Changed 10 years ago by stakats
comment:5 Changed 10 years ago by dstillman
Patched r2 version added to repository
comment:6 Changed 10 years ago by stakats
Attached file fixes detectWeb issues by replacing absolute xpath with searching for all matching descendent xpaths. Also fixes problem where selection dialog presented users with extraneous "Get it by" options.

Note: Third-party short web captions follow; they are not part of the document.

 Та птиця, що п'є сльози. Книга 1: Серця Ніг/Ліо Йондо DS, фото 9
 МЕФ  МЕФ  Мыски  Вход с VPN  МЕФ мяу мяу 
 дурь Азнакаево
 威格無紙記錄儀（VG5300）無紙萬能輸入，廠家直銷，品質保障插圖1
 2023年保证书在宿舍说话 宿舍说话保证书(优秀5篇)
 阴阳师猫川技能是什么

comment:7 Changed 10 years ago by dstillman
- Cc stakats added
- Resolution fixed deleted
- Status changed from closed to reopened
I can't reproduce it, but it looks like some people are now getting a different error with the new old Amazon translator:
message => doc.evaluate(xpath, doc, nsResolver, XPathResult.ANY_TYPE, null).iterateNext() has no properties fileName => lineNumber => 67 stack => scrape([object XPCNativeWrapper])@:67 doWeb([object XPCNativeWrapper],"http://www.amazon.com/Magdalene-Unveiled-Ancient-Modern-Prostitute/dp/B000FG5MFM/ref=rsl_mainw_dpl/103-1187003-1233416?ie=UTF8&m=ATVPDKIKX0DER")@:106 name => TypeError url => http://www.amazon.com/Magdalene-Unveiled-Ancient-Modern-Prostitute/dp/B000FG5MFM/ref=rsl_mainw_dpl/103-1187003-1233416?ie=UTF8&m=ATVPDKIKX0DER extensions.zotero.cacheTranslatorData => true extensions.zotero.automaticSnapshots => true
Corresponds to line 86 of amazonr2new.txt above. This doesn't seem to be a truncation error. Maybe people getting served a different DOM?

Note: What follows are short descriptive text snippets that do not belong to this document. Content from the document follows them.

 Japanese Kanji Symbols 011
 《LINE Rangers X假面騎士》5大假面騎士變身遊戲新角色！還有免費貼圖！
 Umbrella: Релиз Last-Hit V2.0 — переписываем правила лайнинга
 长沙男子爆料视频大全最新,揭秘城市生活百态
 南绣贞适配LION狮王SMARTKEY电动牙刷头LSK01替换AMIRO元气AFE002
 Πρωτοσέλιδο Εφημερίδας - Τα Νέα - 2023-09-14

comment:8 Changed 10 years ago by stakats
- Resolution set to wontfix
- Status changed from reopened to closed
comment:9 Changed 10 years ago by dstillman
Sorry, bad example--though can we change it to not show the URL icon for non-books then for the next couple weeks before Beta 3 is out?
How about this book, which also appears in the broken log (and, more importantly, works for me with the new old translator):
comment:10 Changed 10 years ago by stakats
I can't reproduce any problems importing from that page using Firefox 2.0 and Zotero 1.0b2 on either MacOS X or Windows XP. Something is squirrely with that guy's installation. It's possible that his scrapers table is somehow out of whack, and perhaps we need to think about a means of manually flushing the table. Indeed, right now we do not have a way to remove scrapers, only overwrite them since we just use REPLACE INTO statements. If our automated refresh dropped the table before replacing, we could solve this problem but would delete any user-installed scrapers.
comment:11 Changed 10 years ago by dstillman
Actually there are a bunch of people experiencing the problem, so it's not just him. Amazon does do lots of A/B tests, so I wouldn't be all that surprised if it was a DOM issue, but that may be too easy an answer.
As for deleting scrapers, we don't drop the table for exactly the reason you mention--we can't delete scrapers people are developing. My trick in the meantime has been to change the scraper in the repository to priority 0, regex "nomatch", and empty detectWeb() and doWeb(), and I'm going to be adding a line in the update mechanism to delete the local version of any repo scraper with priority 0.
comment:12 Changed 10 years ago by stakats
It would make me feel much better if it turns out to be a matter of Amazon adjusting their page layout. In any event, our b3 translator only grabs the ASIN off of the page, which seems to be very stable in comparison. Everything else comes from the API. So long story short, this problem will solve itself as soon as we release b3.
Fixed in [880] with new Amazon translator.